Exercise goal: Could you output each line below exactly as it appears, excluding any pictures?

Stored data:
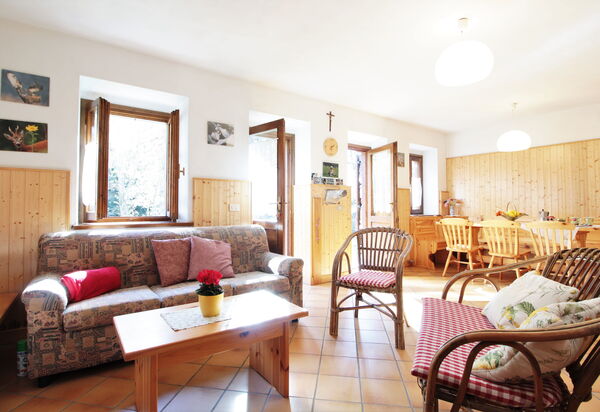 Baita a Pieve Tesino Mountain And Lake: Autumn, Living Room, Spring, Summer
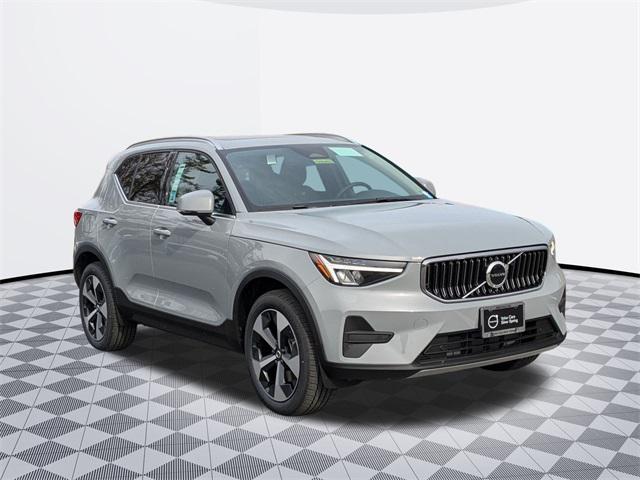 new 2025 Volvo XC40 car, priced at $44,395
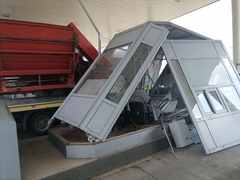 Kamion srušio naplatnu kućicu na auto-putu Doboj - Banjaluka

Solution for this problem:
 Baita a Pieve Tesino Mountain And Lake: Autumn, Living Room, Spring, Summer
 new 2025 Volvo XC40 car, priced at $44,395
 Kamion srušio naplatnu kućicu na auto-putu Doboj - Banjaluka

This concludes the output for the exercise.